WHAT IS NEEDED :: The expected answer is the data below, printed verbatim without its pictures.

DATA BLOCK ::
=====
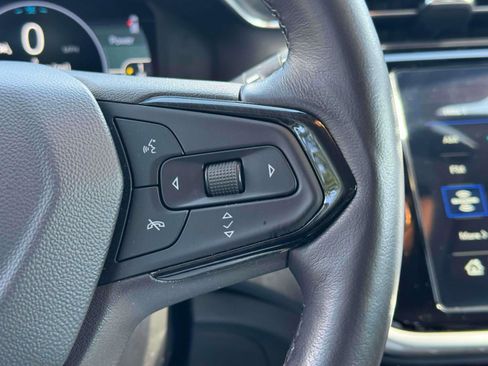 Used 2022 Chevrolet Bolt EUV LT w/ Convenience Package image 21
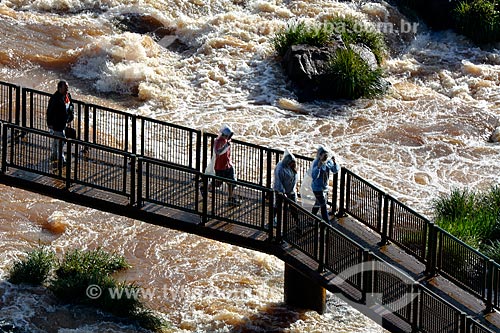  Tourists - Mirante of Iguassu Waterfalls  - Foz do Iguacu city - Parana state (PR) - Brazil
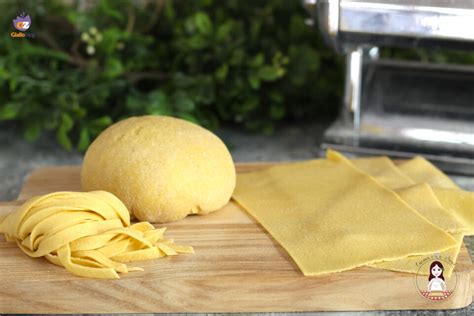 Piatto di pasta fresca fatta in casa, tipica della cucina italiana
=====
TASK RESPONSE ::
 Used 2022 Chevrolet Bolt EUV LT w/ Convenience Package image 21
  Tourists - Mirante of Iguassu Waterfalls  - Foz do Iguacu city - Parana state (PR) - Brazil
 Piatto di pasta fresca fatta in casa, tipica della cucina italiana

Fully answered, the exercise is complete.